• Description of the task
Output nothing but the lines from the one holding "Kraanvogel — natuurfoto van Johan van Beilen" to the end of the listing. Reproduce them exactly, without the pictures.

--- Dataset ---

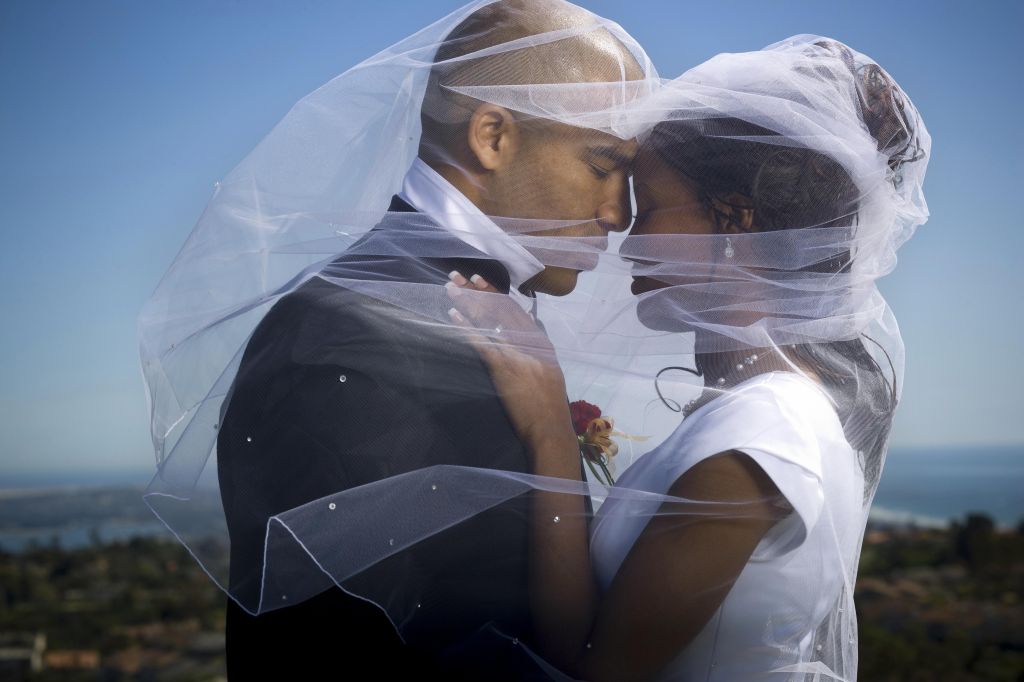 Profile of a newlywed young couple under a veil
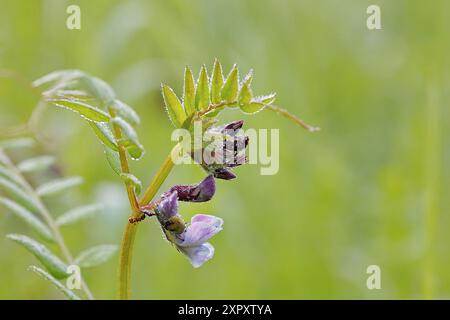 buschwicke (Vicia sepium), blühend, mit Morgentau, Deutschland, Nordrhein-Westfalen Stockfoto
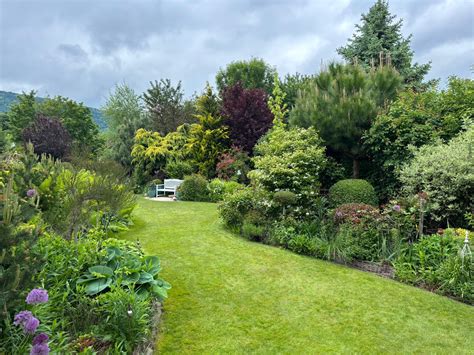 Kert Halı ve Koltuk Yıkama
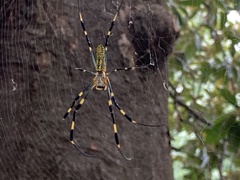Trichonephila clavata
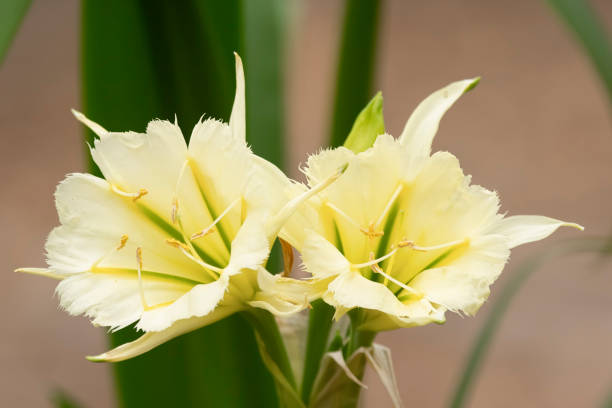 Beautiful close up of two yellow flowers of peruvian daffodil. Peruvian daffodil or hymenocallis festalis, two flowers close up. spider lily stock pictures, royalty-free photos & images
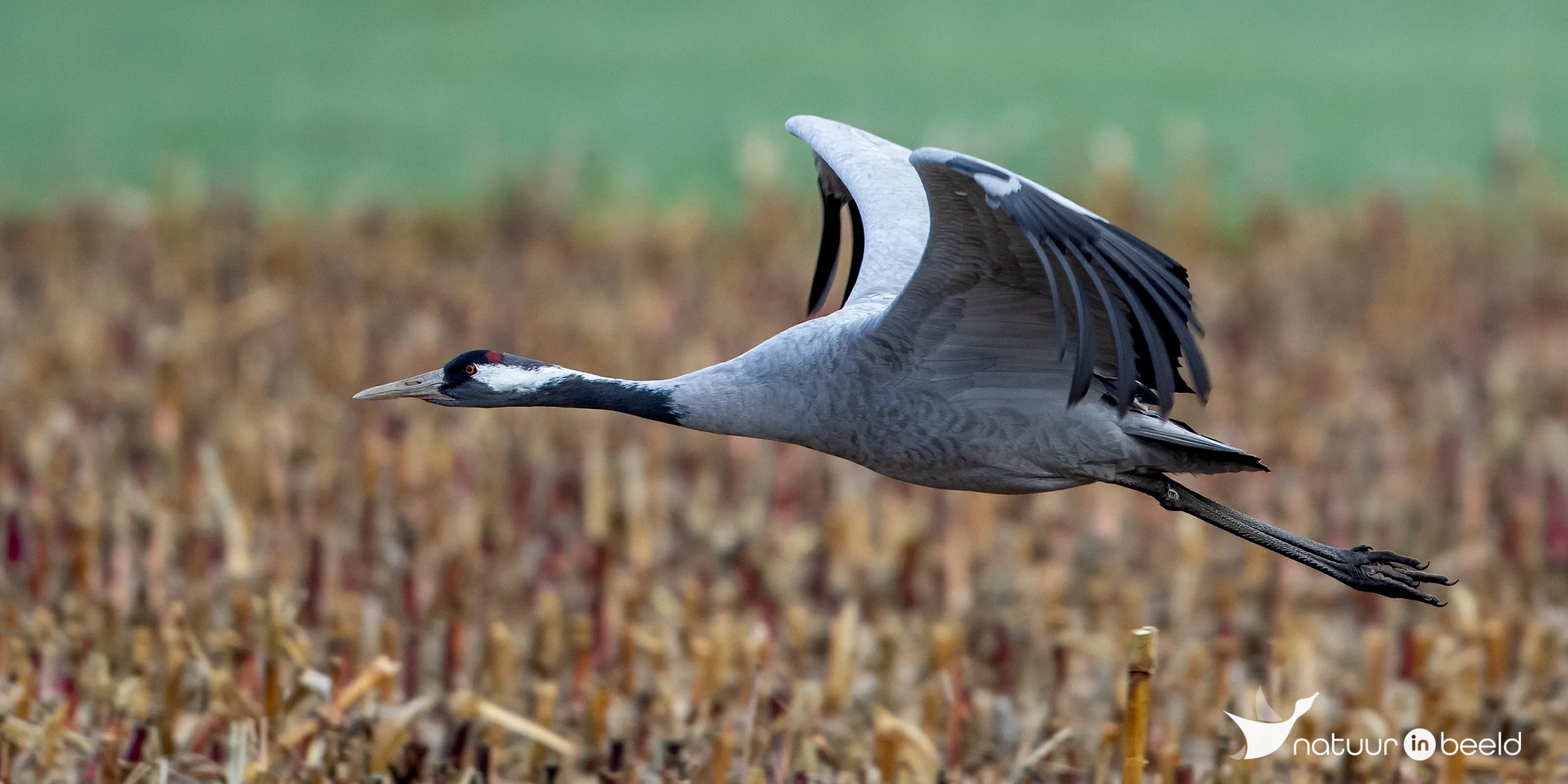 Kraanvogel — natuurfoto van Johan van Beilen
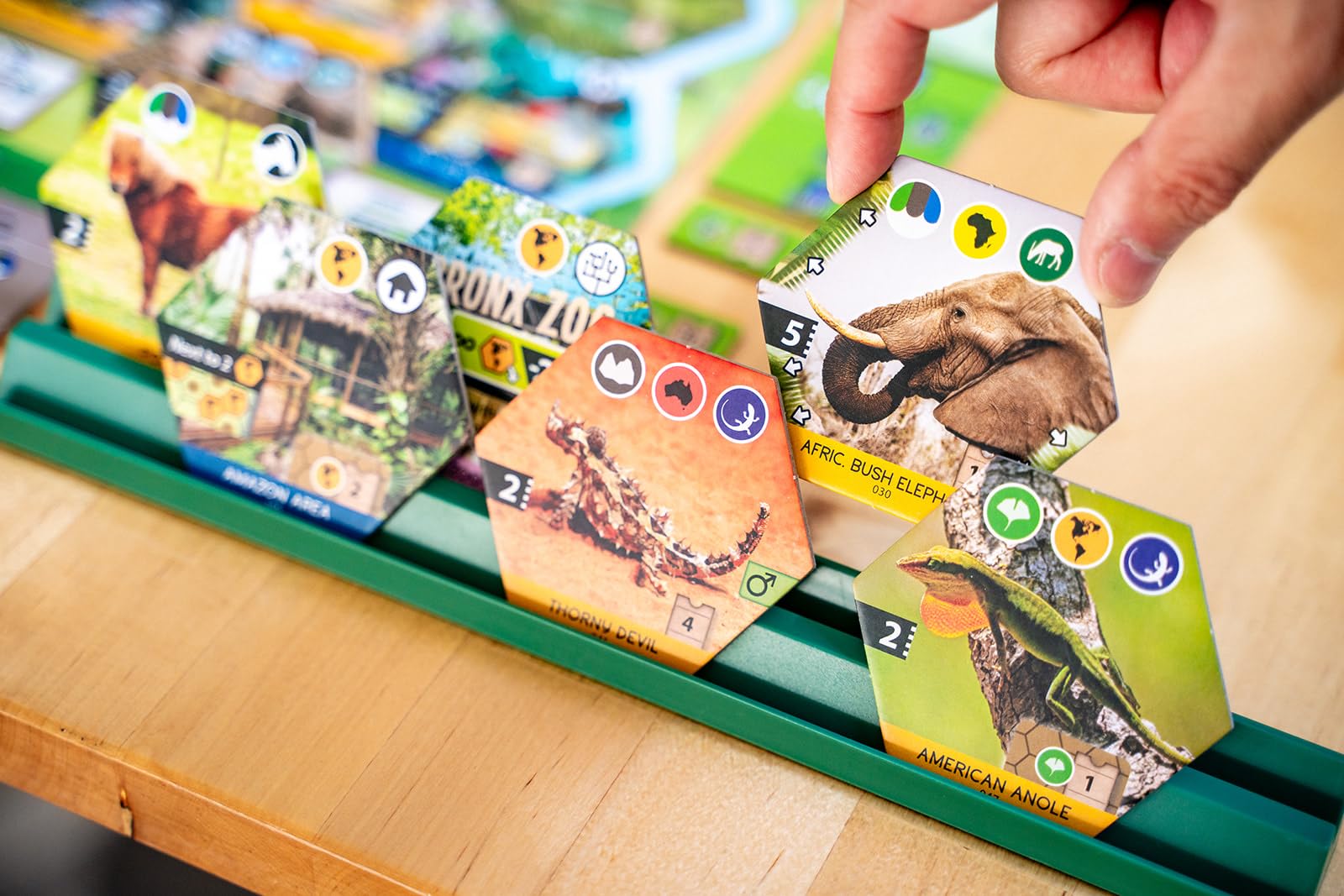 Capstone Games Sanctuary Board Game | 1-5 Players | Ages 12+ | Standard Edition 5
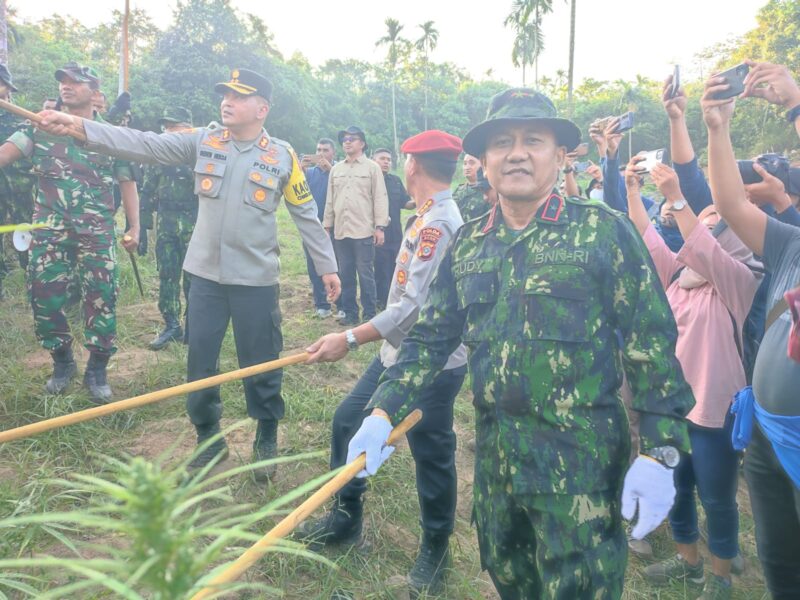 Team Gabungan BNN RI Dan Polres Aceh Utara Musnahkan 22.864 Batang Ganja Di Sawang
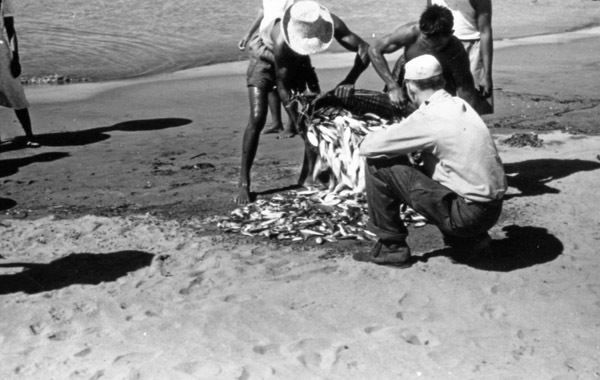 Lingayen Gulf Fishing 4
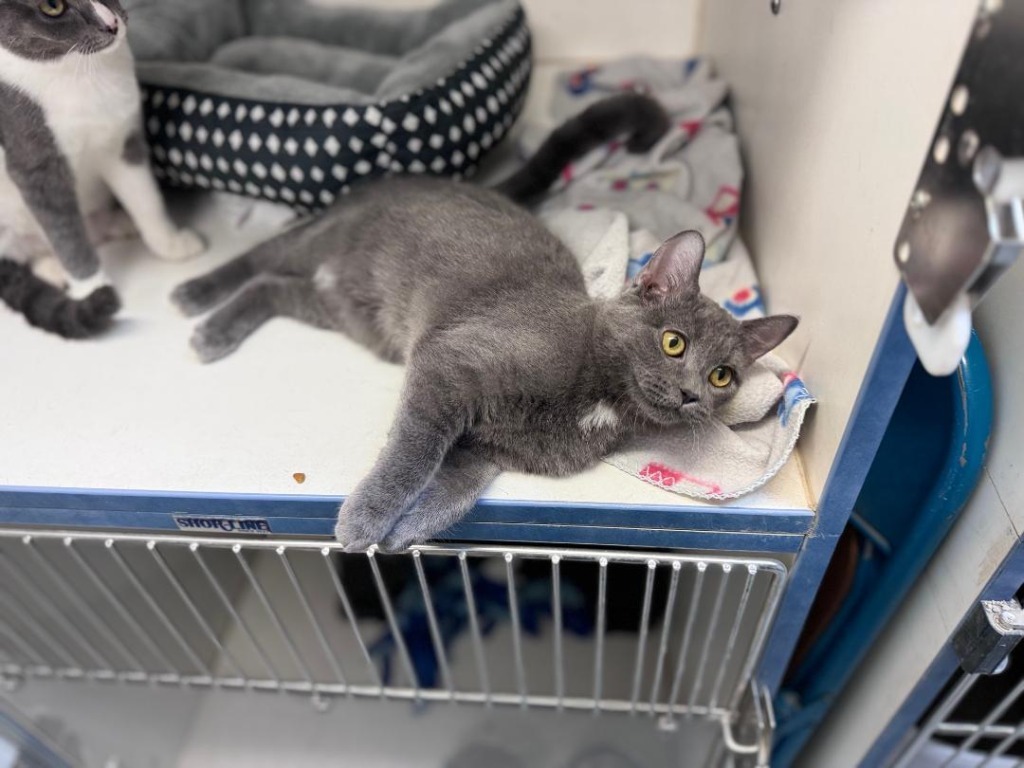 Jade, an adoptable Russian Blue in Crandon, WI, 54520 | Photo Image 1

---

• Expected answer
 Kraanvogel — natuurfoto van Johan van Beilen
 Capstone Games Sanctuary Board Game | 1-5 Players | Ages 12+ | Standard Edition 5
 Team Gabungan BNN RI Dan Polres Aceh Utara Musnahkan 22.864 Batang Ganja Di Sawang
 Lingayen Gulf Fishing 4
 Jade, an adoptable Russian Blue in Crandon, WI, 54520 | Photo Image 1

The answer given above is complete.